- This event has passed.
AI4OPT Seminar Series: Chi Jin, Princeton University
October 6, 2022 @ 9:00 am – 10:00 am
Talk Title: When Is Partially Observable Reinforcement Learning Not Scary?
Abstract: Partially observability is ubiquitous in applications of Reinforcement Learning (RL), in which agents learn to make a sequence of decisions despite lacking complete information about the latent states of the controlled system. Partially observable RL is notoriously difficult in theory—well-known information-theoretic results show that learning partially observable Markov decision processes (POMDPs) requires an exponential number of samples in the worst case. Yet, this does not rule out the possible existence of interesting subclasses of POMDPs, which include a large set of partial observable applications in practice while being tractable. In this talk we identify a rich family of tractable POMDPs, which we call weakly revealing POMDPs. This family rules out the pathological instances of POMDPs where observations are uninformative to a degree that makes learning hard. We prove that for weakly revealing POMDPs, a simple algorithm combining optimism and Maximum Likelihood Estimation (MLE) is sufficient to guarantee a polynomial sample complexity. To the best of our knowledge, this gives the first line of provably sample-efficient results for learning from interactions in POMDPs. This is based on joint works with Qinghua Liu, Alan Chung, Akshay Krishnamurthy, Sham Kakade, and Csaba Szepesvari.
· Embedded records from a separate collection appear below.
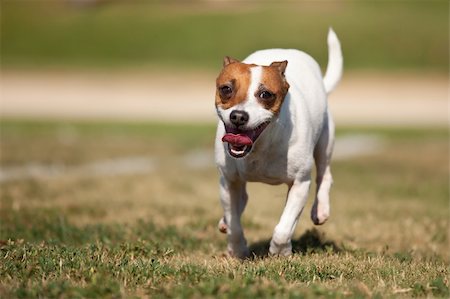 simsearch:400-06570159,k - Energetic Jack Russell Terrier Dog Runs on the Grass Field. Photographie de stock - Aubaine LD & Abonnement, Code: 400-04716349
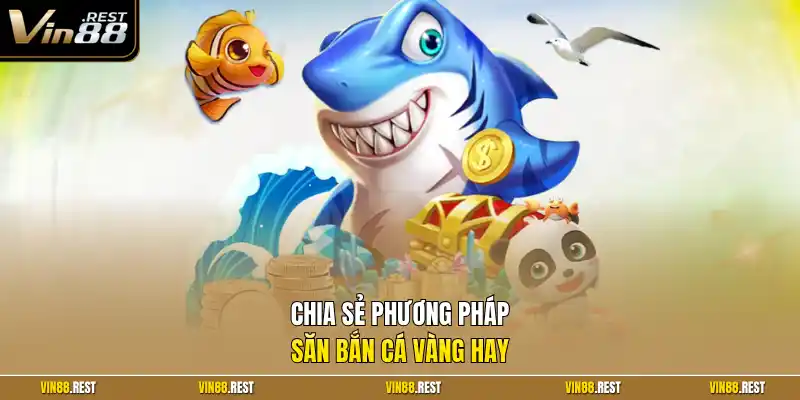 Chia sẻ phương pháp săn bắn cá vàng hay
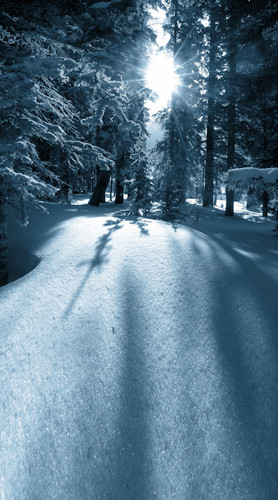 Magical Snowfall Backdrop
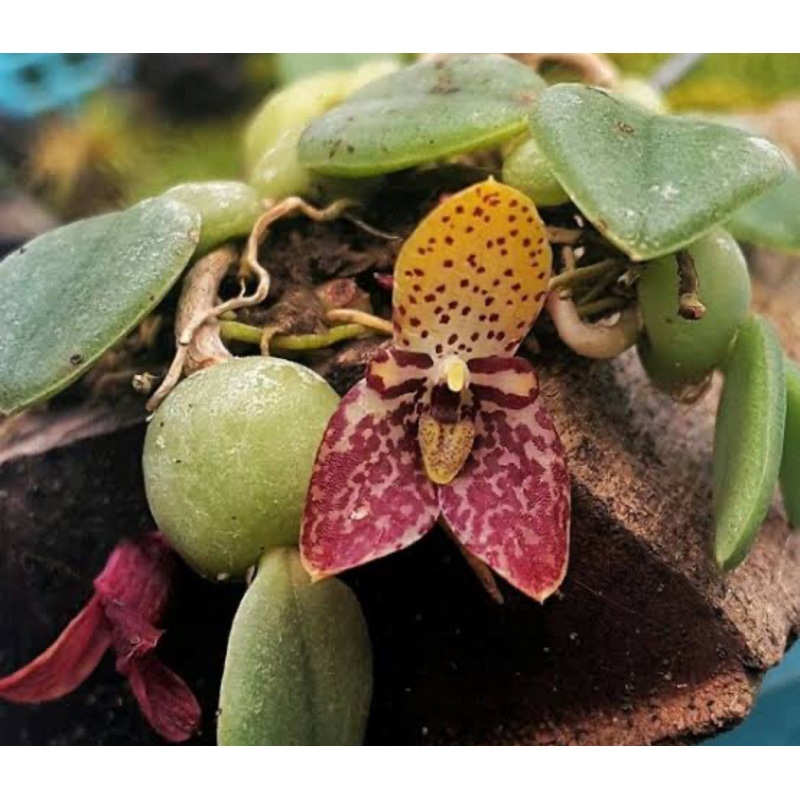 Trias nummularia|Ja|Nee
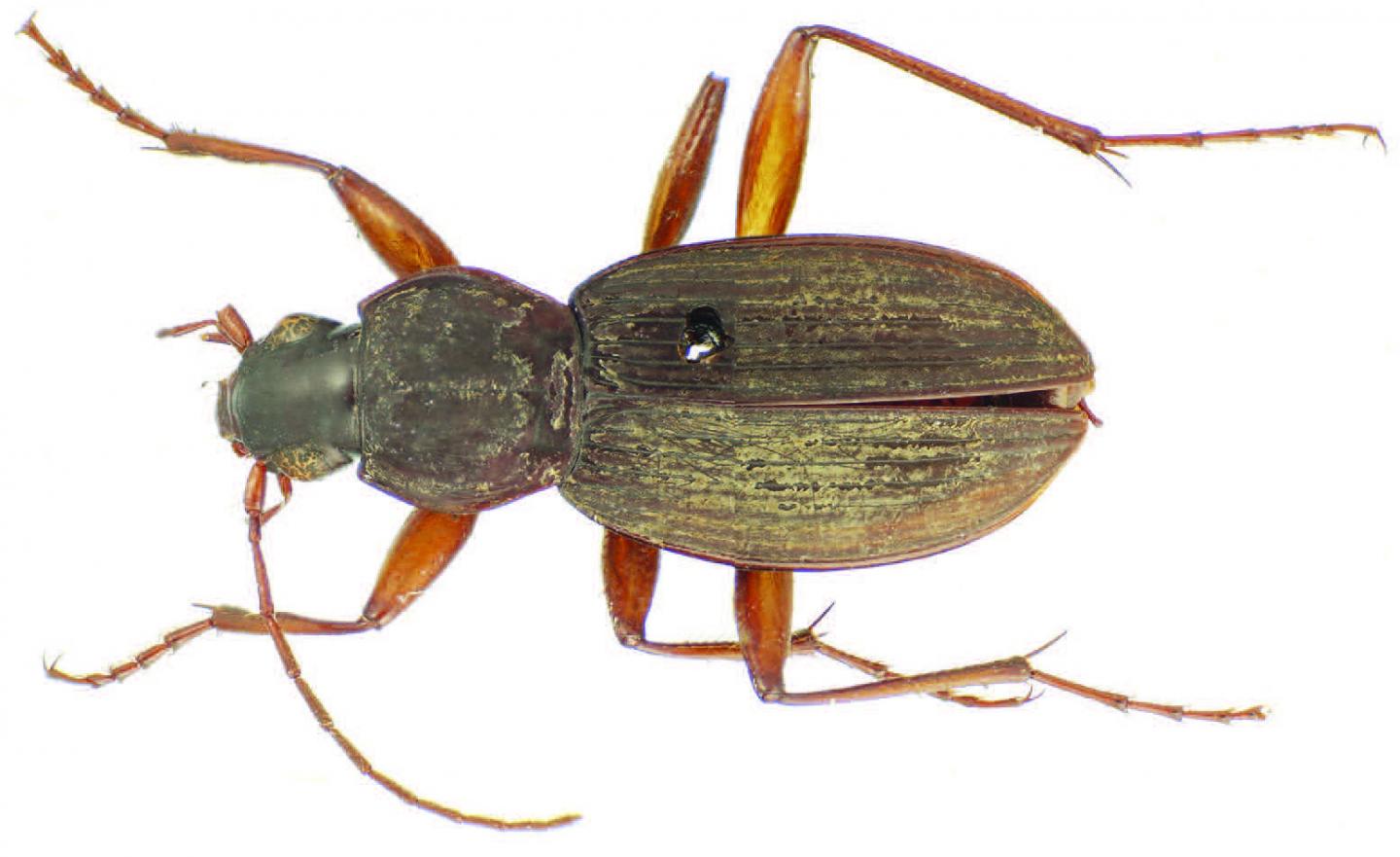 Male Holotype of the New Ground Beetle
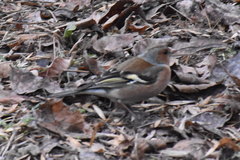 Fringilla coelebs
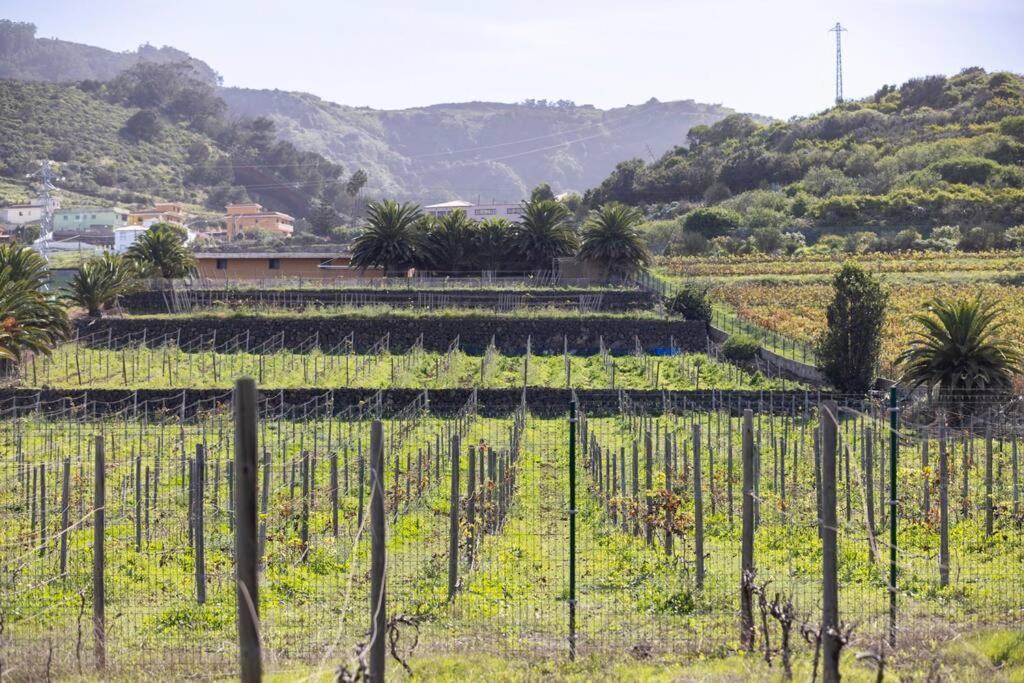 Casita Entre Vinedos, Experiencia Rural, Ideal Ninos. Tegueste エクステリア 写真
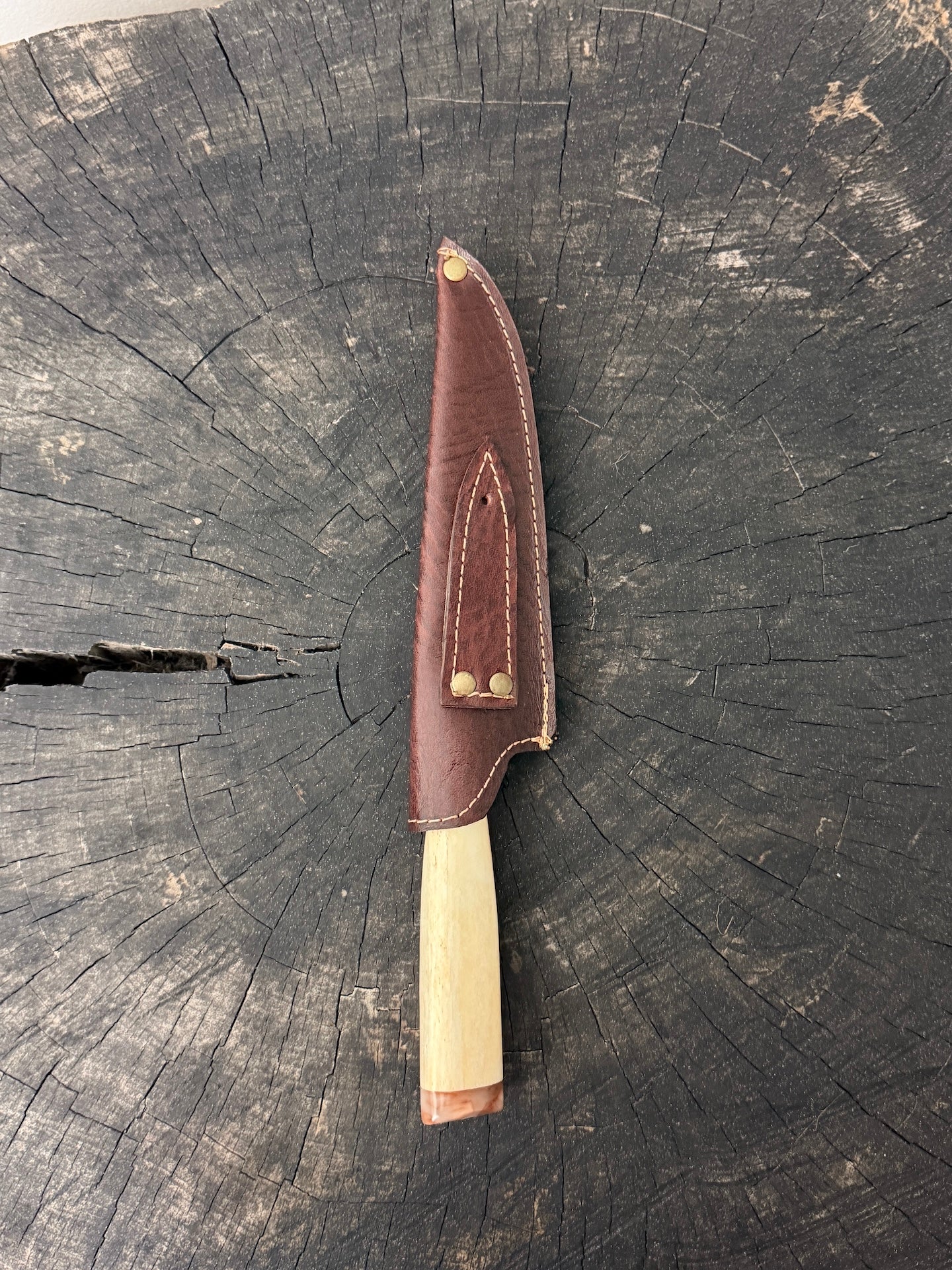 6" Utility Knife, Ostrich Bone, SS440 - 150mm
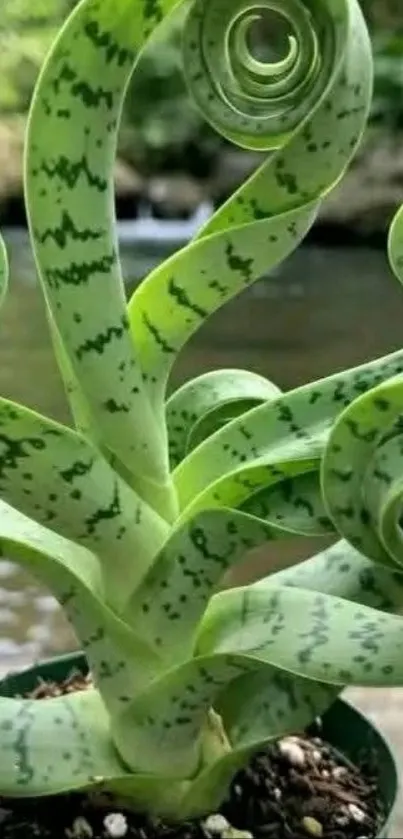 Curly succulent with a water background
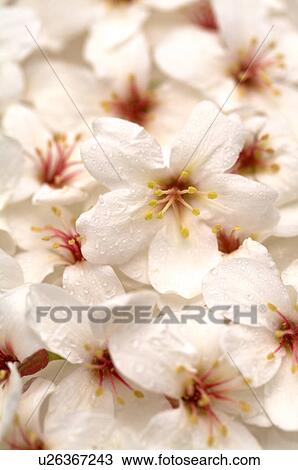 Tung Blossom, Paulownia, Tung Flower View Large Photo Image Stock Image - Tung Blossom, Paulownia, Tung Flower. Fotosearch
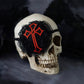 Dark Gothic Halloween Skeleton Eye Mask Lace Edge Manga - TOY-ACC-58703 - Strange Sugar - 42shops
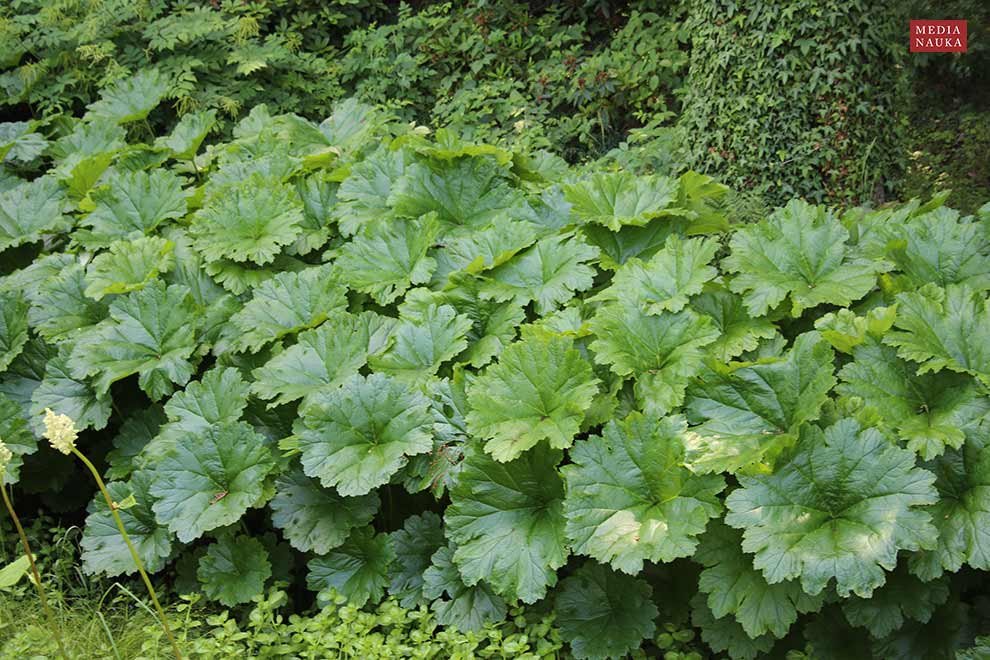 tarczownica tarczowata (Darmera peltata)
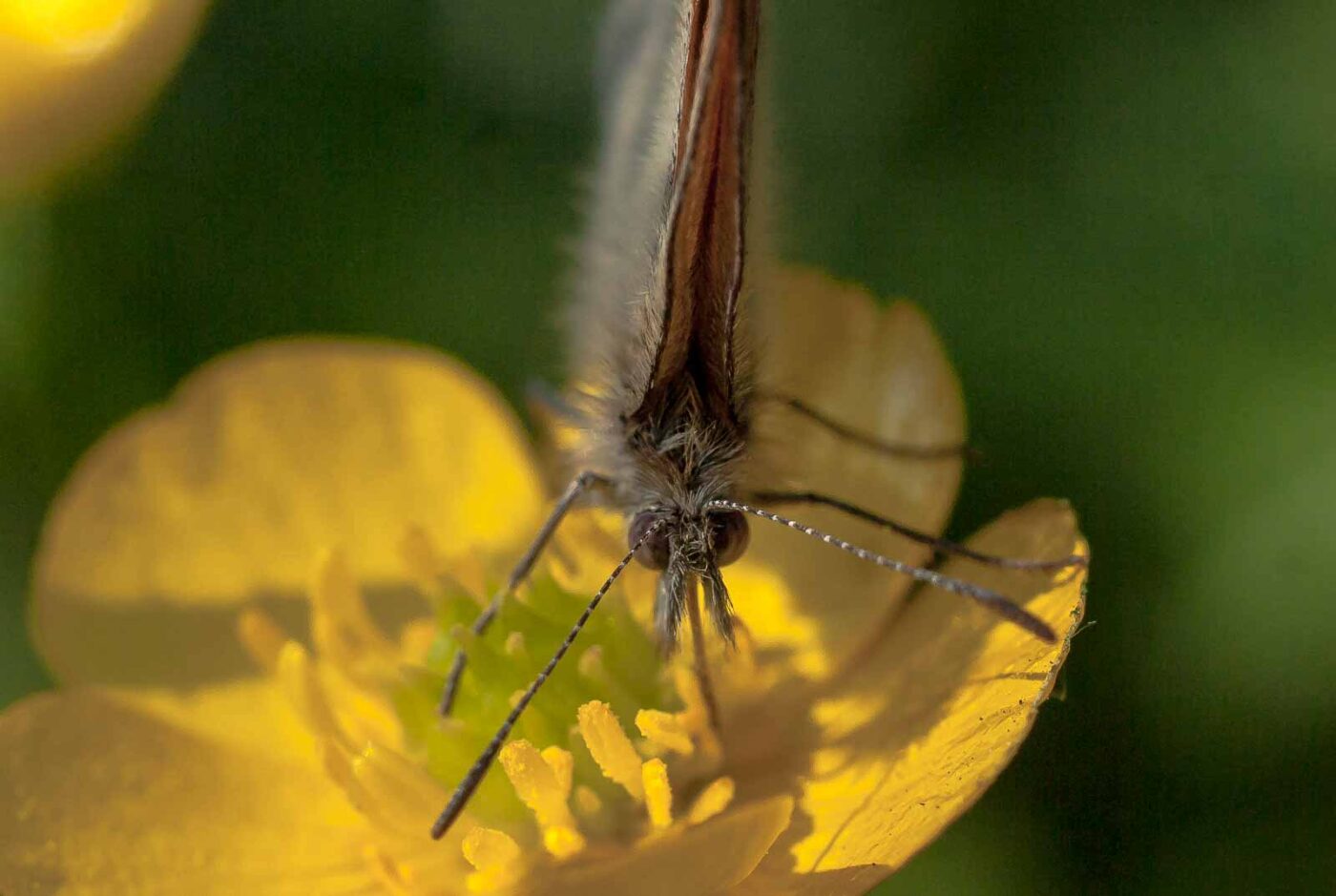 2017-05-27 - NSG Brandheide Recklinghausen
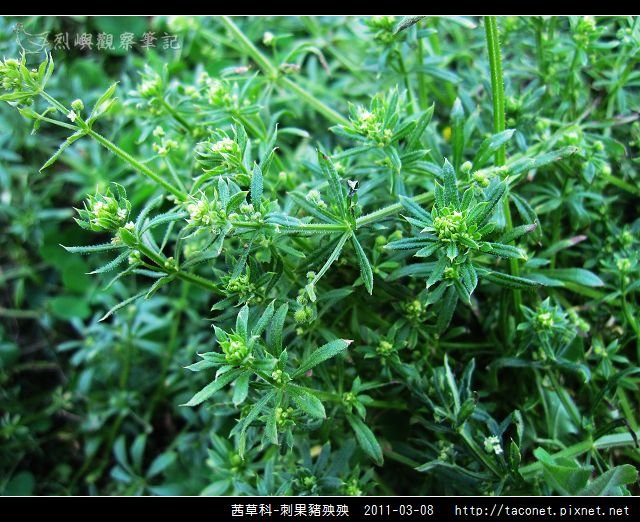 茜草科-刺果豬殃殃_13.jpg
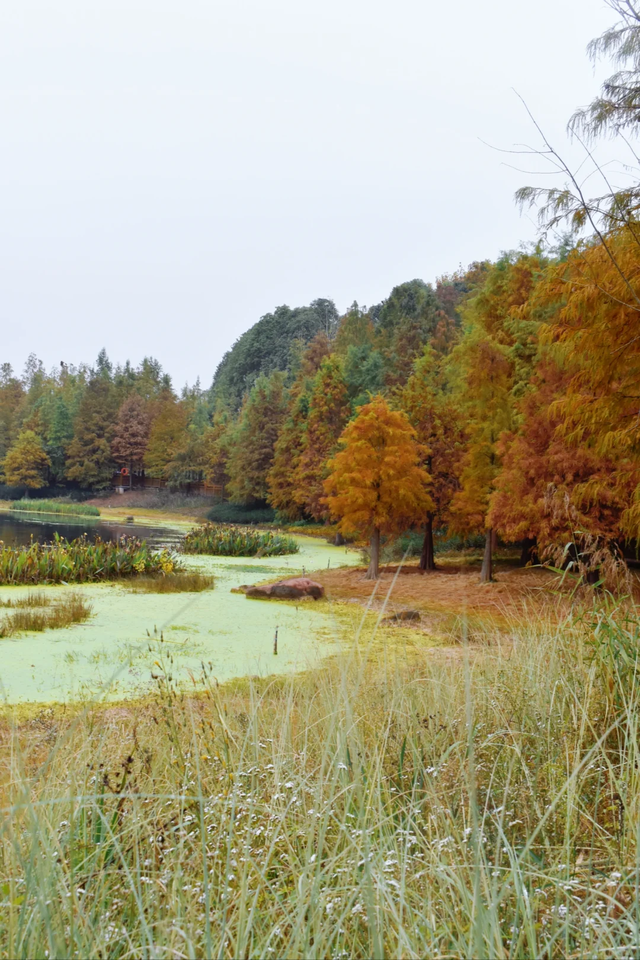 先收藏！成都1h直达最美水杉公园，小众人少、景美出片！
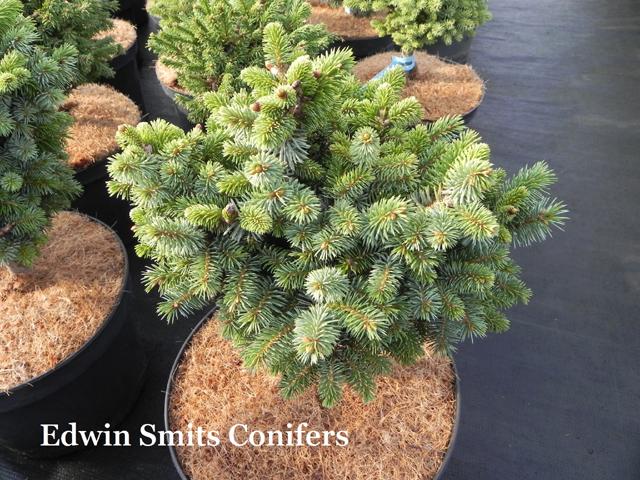 Picea sitchensis 'Callisto'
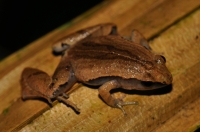 Microhyla heymonsi, Dark-sided Chorus Frog - Taman Negara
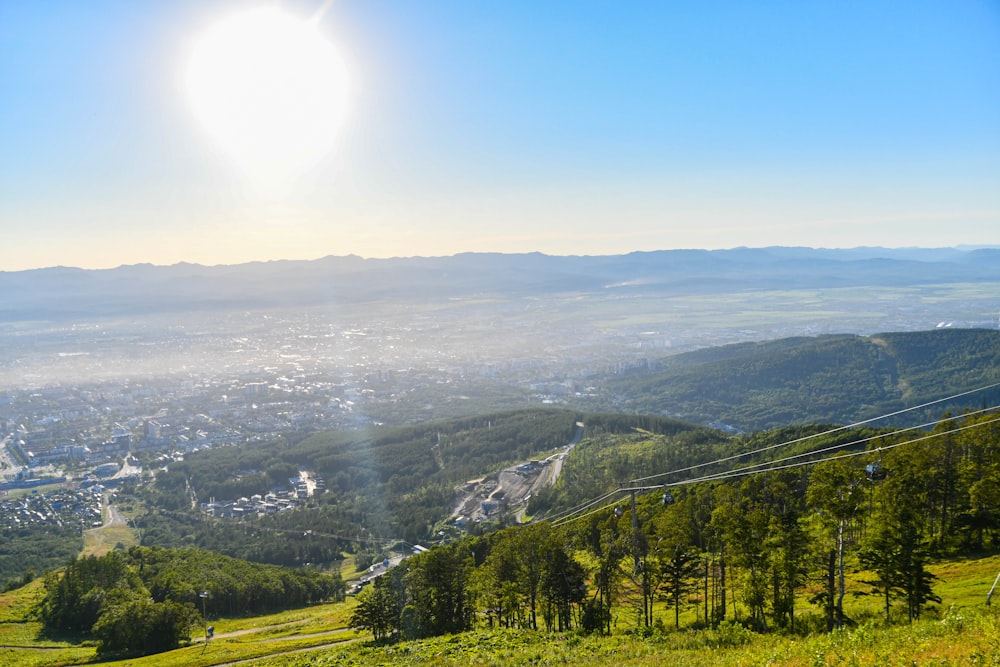 Eine Landschaft mit Bäumen und einem Gewässer im Hintergrund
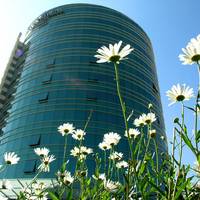 Camino Real Suites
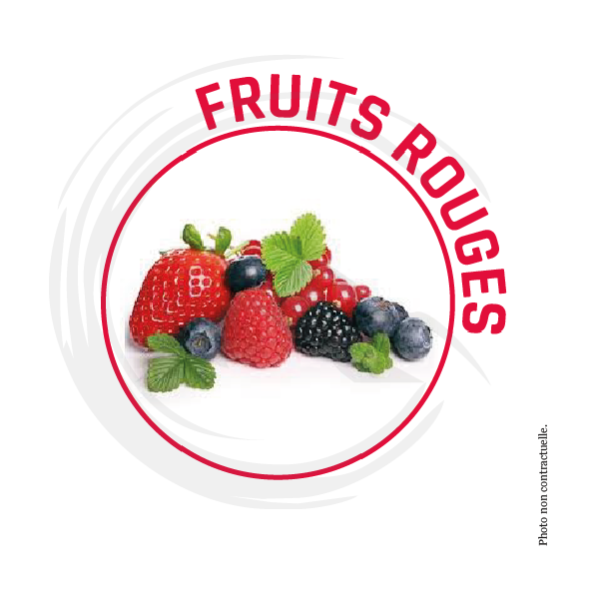 P00024 - Désodorisant d'ambiance Fruits Rouges 750ml DESODOR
Bio: Chi Jin is an assistant professor at the Electrical and Computer Engineering department of Princeton University. He obtained his Ph.D. in Computer Science at University of California, Berkeley, advised by Michael I. Jordan. His research mainly focuses on theoretical machine learning, with special emphasis on nonconvex optimization and reinforcement learning. His representative work includes proving noisy gradient descent escape saddle points efficiently and proving the efficiency of Q-learning and least-squares value iteration when combined with optimism in reinforcement learning.